CAIRO: Amany Abdel Qader, a young woman from Mansoura, Dakahlia, is protesting being denied army enlistment by arguing that mandatory enlistment for males in Egypt should apply also to women, said her lawyer, Reda Maarouf, on the 90 Minutes program on the El Mehwar Channel on Saturday.
Maarouf said army officials refused the young woman’s request based on Egyptian Military Service Law No. 127, enacted in 1980, which states that army recruitment is mandatory for males 18 and older. Qader is arguing that the army law contradicts Article 11 of the constitution, which states that Egyptian men and women are to receive equal rights and opportunities without discrimination.
Qader presented her argument to the Sandoub army recruiting office in an official warning, Maarouf said, adding that she is planning to legally appeal the validity of Articles 1, 14 and 15 of the military recruiting law, and demand army recruiting be mandatory for all women above 18.
The former military attorney general, Said Hashim, told the 90 Minutes program that there is no constitutional context for demanding mandatory recruitment for women. He said males are required to complete military service and women are required to complete national service according to the law, which guarantees equality between both genders.
Hashim also said Article 11 addresses equality regarding rights, not equality in duties. Amending the army law would only occur in a situation where the Armed Forces needed more recruits, but the Armed Forces have enough manpower and sometimes even exempt males from entering the military, Hashim continued.

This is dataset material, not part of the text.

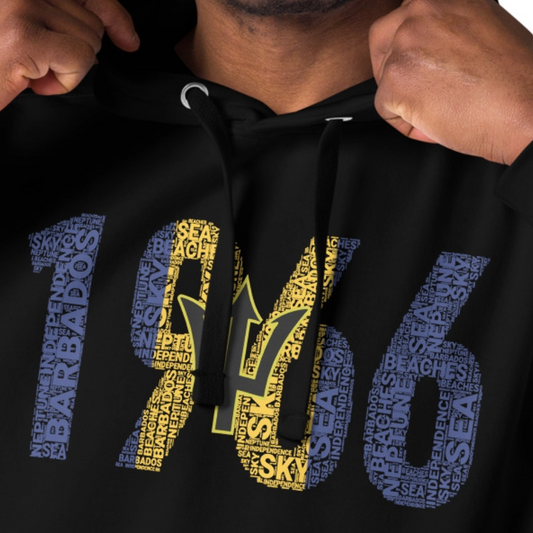 BARBADOS Independence National Flag Word Cluster Inspired Unisex Hoodie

“Serving in the military is an honor and is not a right,” he said.
But Nehad Abol Komsan, head of National Council for Women’s Rights, told The Cairo Post there is no reason for the state to refuse Qader’s demand.
“Armies these days do not depend mainly on muscles, they depend on strategies and technology,” she said.
The next parliament should consider discussing the army recruiting matter and the state should hold a poll to find out what people think about it, Komsan said.